#### What the exercise asks:
After locating the line that holds "New 2026 Toyota Tacoma SR5 4X2 XTRACAB", copy that line and all that follow it word for word through the end of the data, with no pictures.

[Dataset extract]

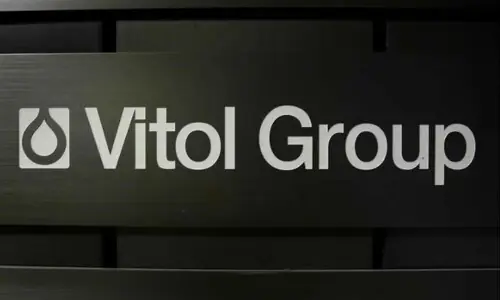 Global commodity trader Vitol increased turnover, traded more oil, in 2025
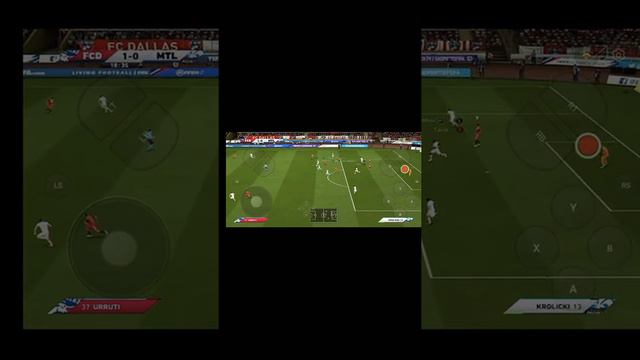 Fifa 20 gameplay Android ultra graphics like PS4 смотреть онлайн
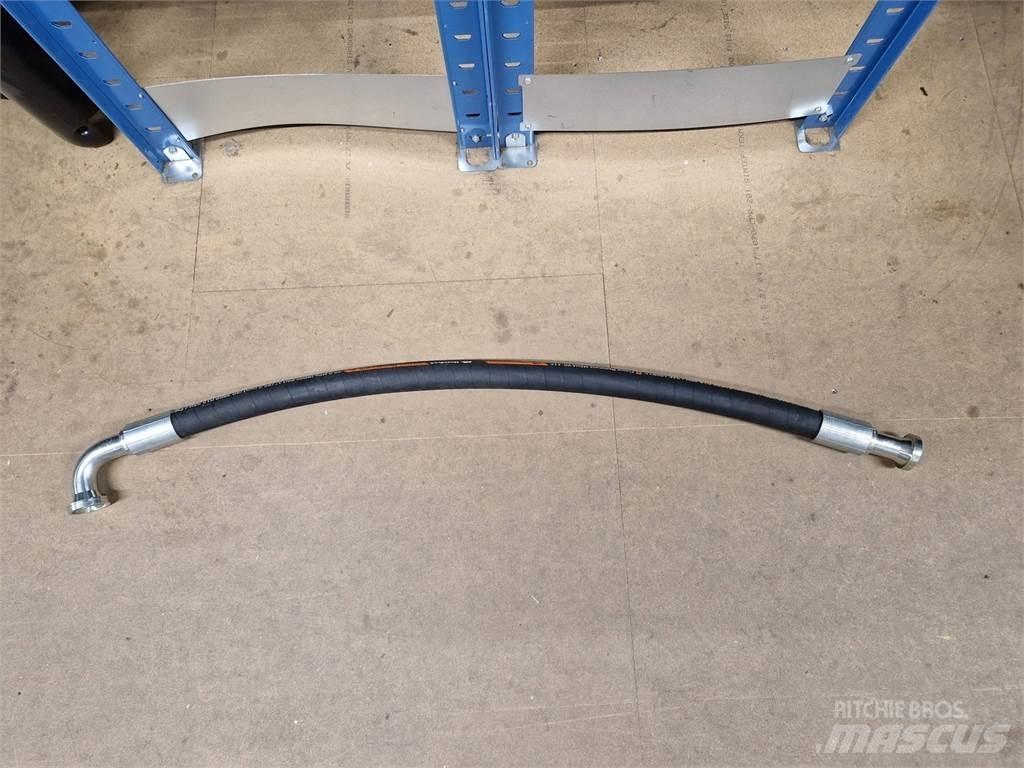 Eco Log 7050390 Hydrauliikka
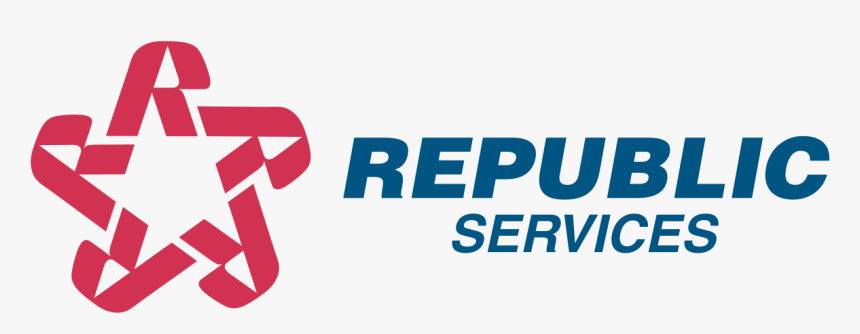 Republic Services Logo, HD Png Download, Free Download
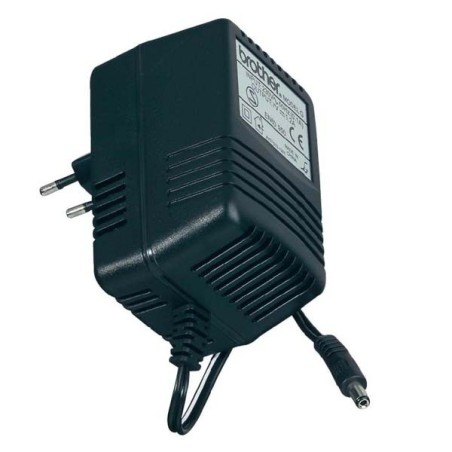 BROTHER Síťový adaptér pro PT - typ AD24ESEU (7-9.5V 1.6AMP) - pro všechny ruční P-TOUCH / nastupce i pro AD18ESEU /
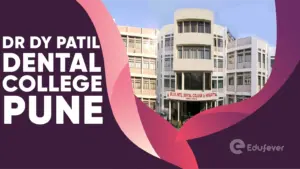 Dr DY Patil Dental College Pune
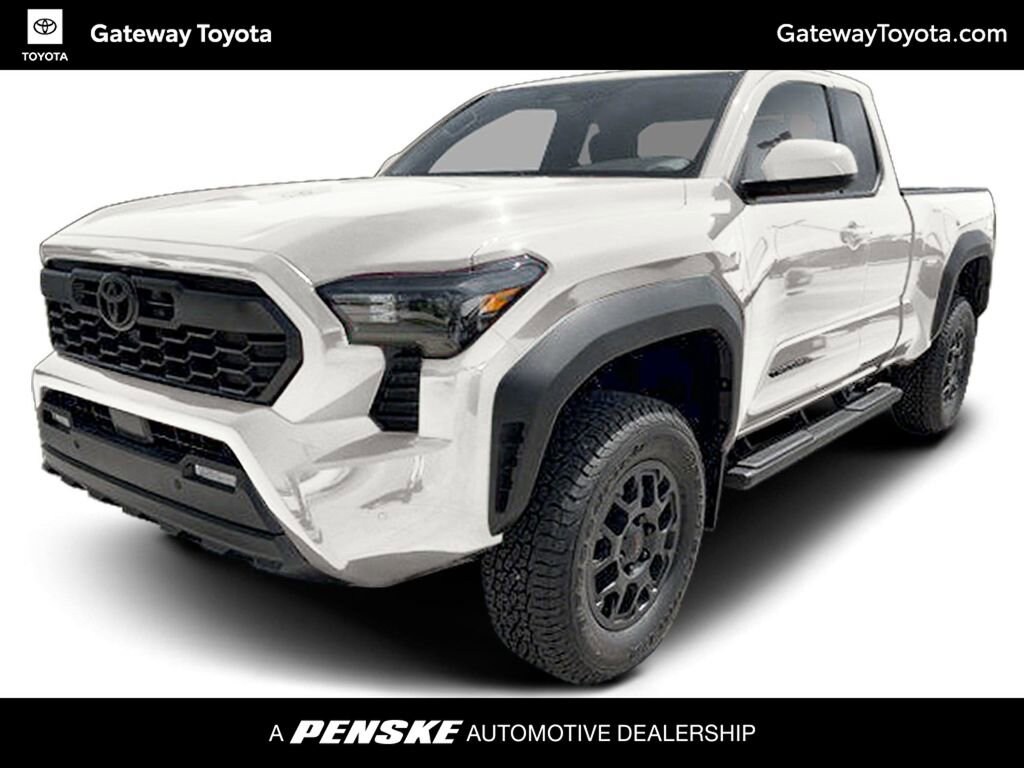 New 2026 Toyota Tacoma SR5 4X2 XTRACAB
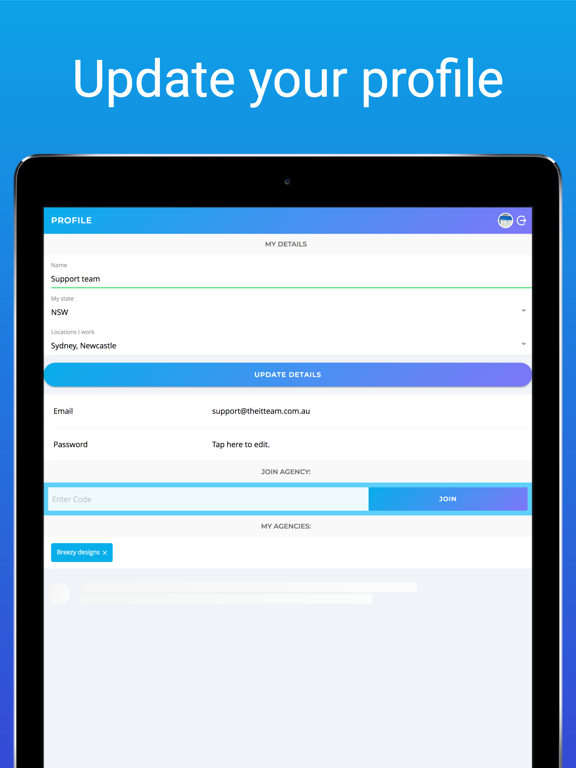 Screenshot #5 pour BigText - Bookings Management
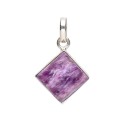 Pendente Charoite Cubo Grande : Vives de la Cortada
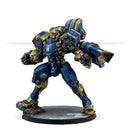 Infinity CodeOne: Zeta Unit-Boxed Set-Ashdown Gaming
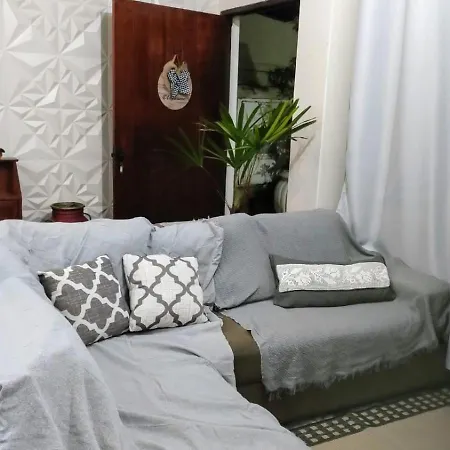 Apartamento Privativo Aconchegante Sao Gabriel  Exterior photo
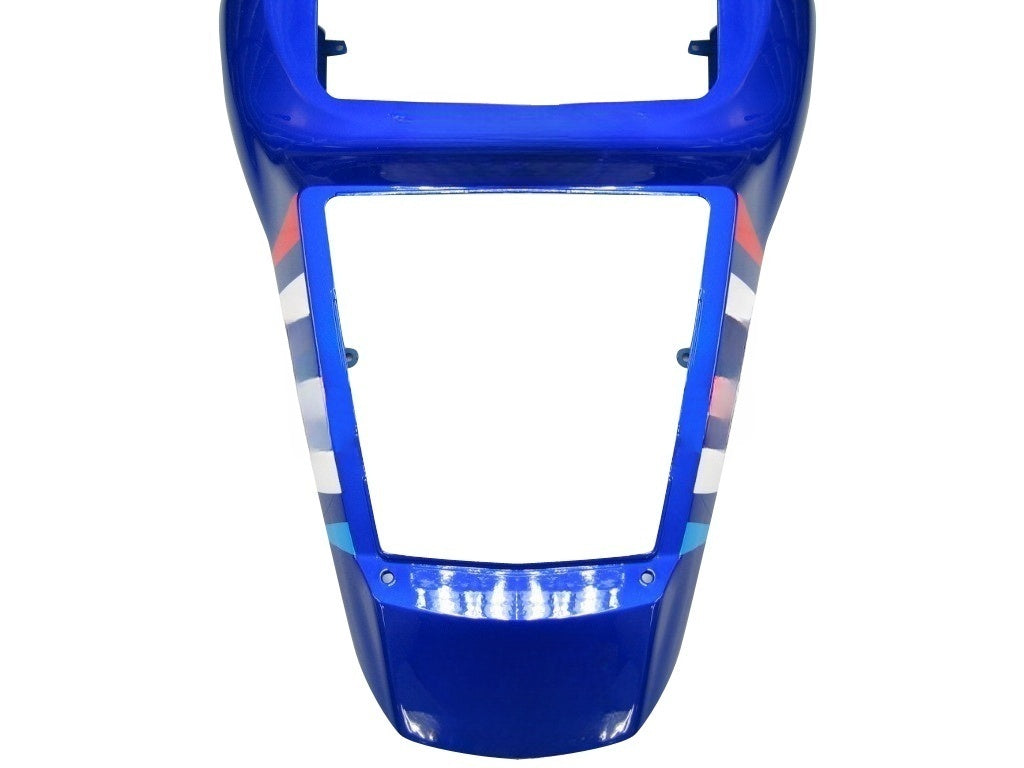 Carénages Amotopart 1998-2002 Yamaha YZF-R6 Modra bela zvezda Fiat R6 generic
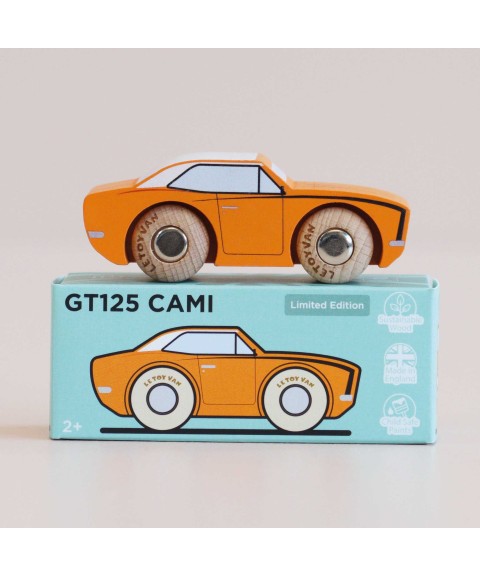 VOITURE "CAMI" - N°22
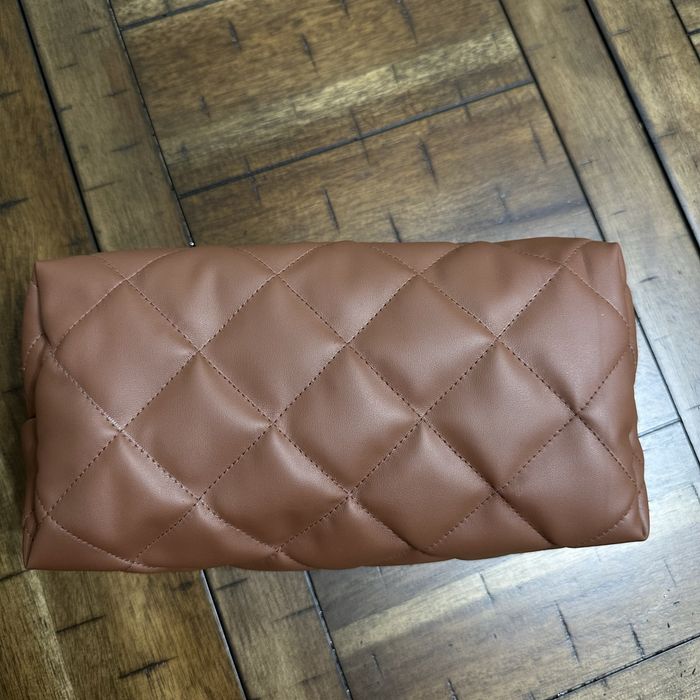 Косметичка из эко кожи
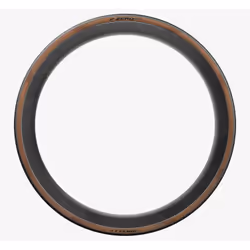 Pirelli P ZERO Race, Strada, Allenatore, Copertoncino, Secco, Ciclismo su pista, Bagnato, Nero, Marrone, 120 TPI, 205 g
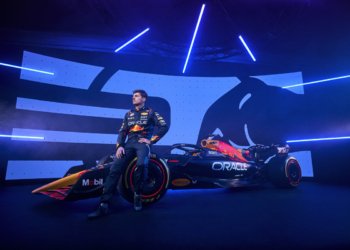 Gallery: The Red Bull RB20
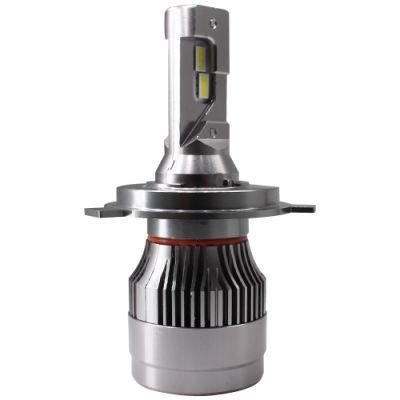 A8 Super Bright LED Headlight Bulbs 8000lumen 12V DC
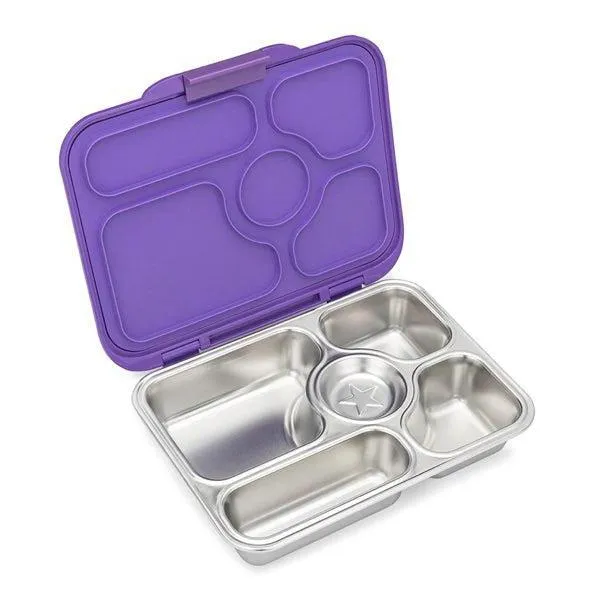 Stainless Steel Leakproof Bento Box - Pesto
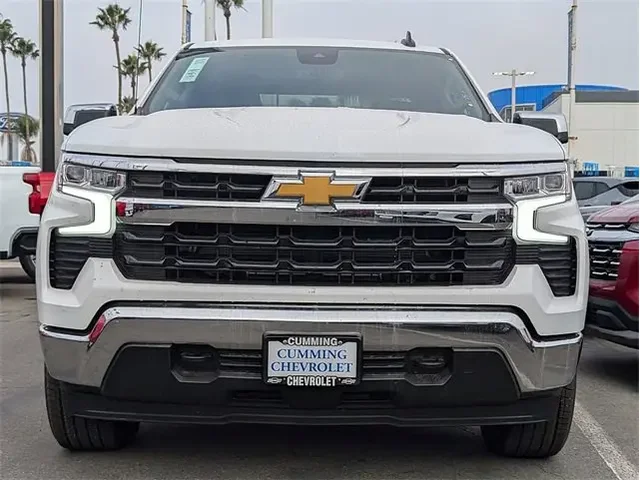 Nuevos CHEVROLET SILVERADO 1500 à National City chez Cumming Chevrolet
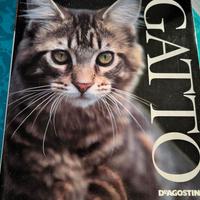 Il libro completo del gatto De Agostini vintage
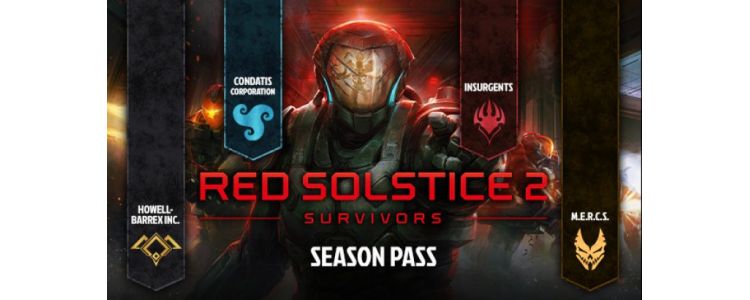 Red Solstice 2: Survivors - Season Pass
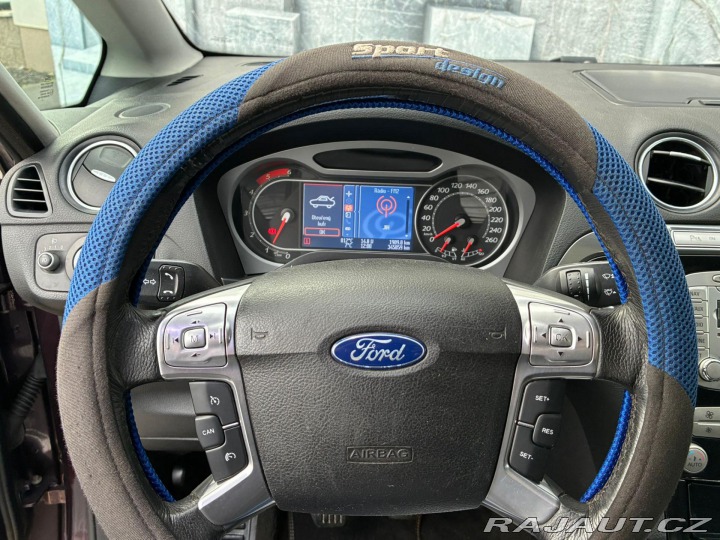 Ford S-MAX 2.0TDCi, 120KW 2010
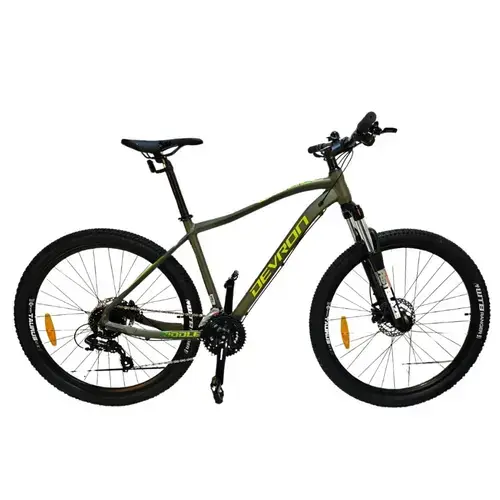 Bicicleta Devron Riddle RM2.9 2025, roti 29 Inch, cadru L, 18 viteze, Verde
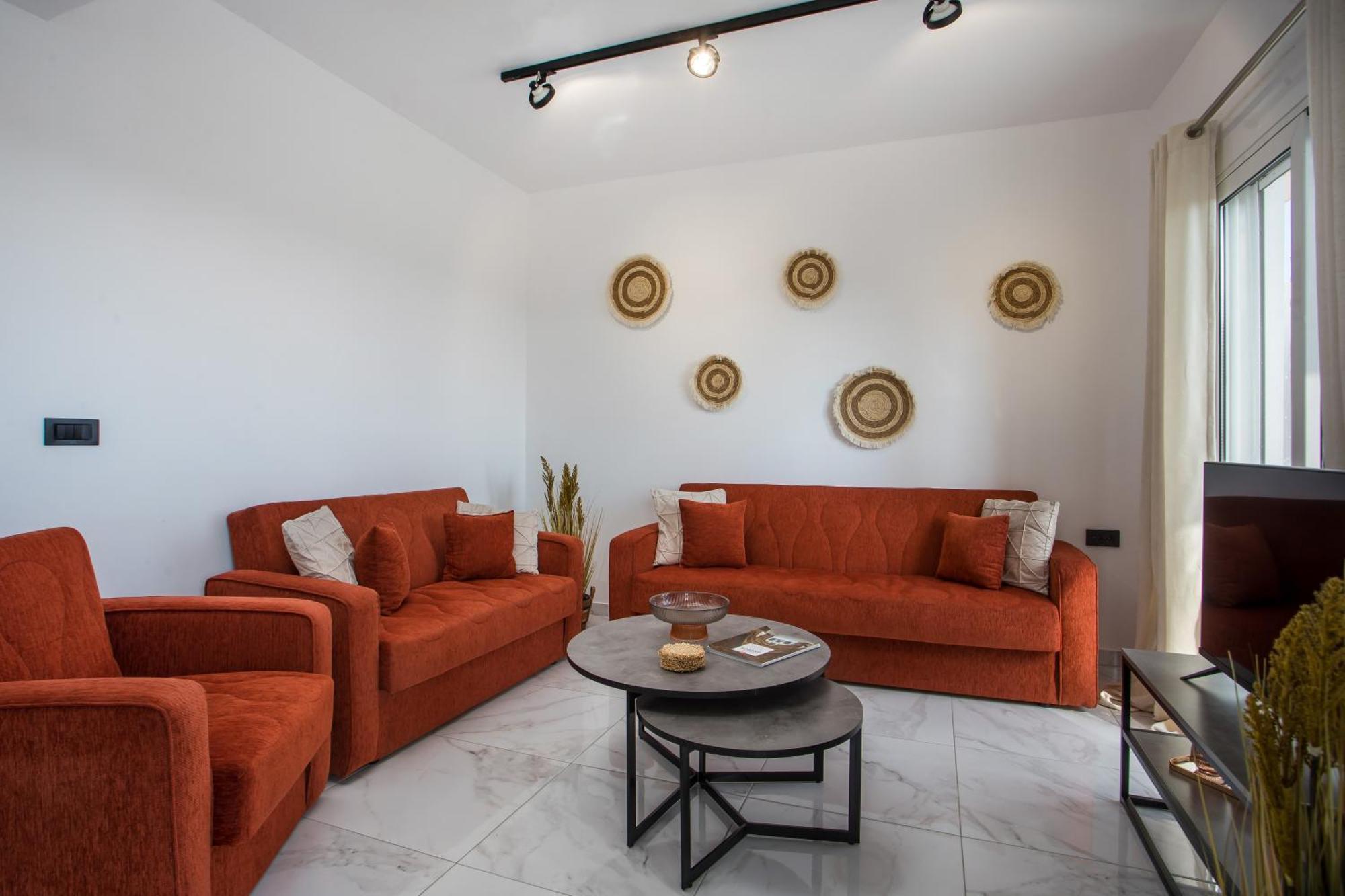 Olea Luxury Apartment Афанду Екстер'єр фото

[/Dataset extract]

#### Response:
 New 2026 Toyota Tacoma SR5 4X2 XTRACAB
 Screenshot #5 pour BigText - Bookings Management
 Pendente Charoite Cubo Grande : Vives de la Cortada
 Infinity CodeOne: Zeta Unit-Boxed Set-Ashdown Gaming
 Apartamento Privativo Aconchegante Sao Gabriel  Exterior photo
 Carénages Amotopart 1998-2002 Yamaha YZF-R6 Modra bela zvezda Fiat R6 generic
 VOITURE "CAMI" - N°22
 Косметичка из эко кожи
 Pirelli P ZERO Race, Strada, Allenatore, Copertoncino, Secco, Ciclismo su pista, Bagnato, Nero, Marrone, 120 TPI, 205 g
 Gallery: The Red Bull RB20
 A8 Super Bright LED Headlight Bulbs 8000lumen 12V DC
 Stainless Steel Leakproof Bento Box - Pesto
 Nuevos CHEVROLET SILVERADO 1500 à National City chez Cumming Chevrolet
 Il libro completo del gatto De Agostini vintage
 Red Solstice 2: Survivors - Season Pass
 Ford S-MAX 2.0TDCi, 120KW 2010
 Bicicleta Devron Riddle RM2.9 2025, roti 29 Inch, cadru L, 18 viteze, Verde
 Olea Luxury Apartment Афанду Екстер'єр фото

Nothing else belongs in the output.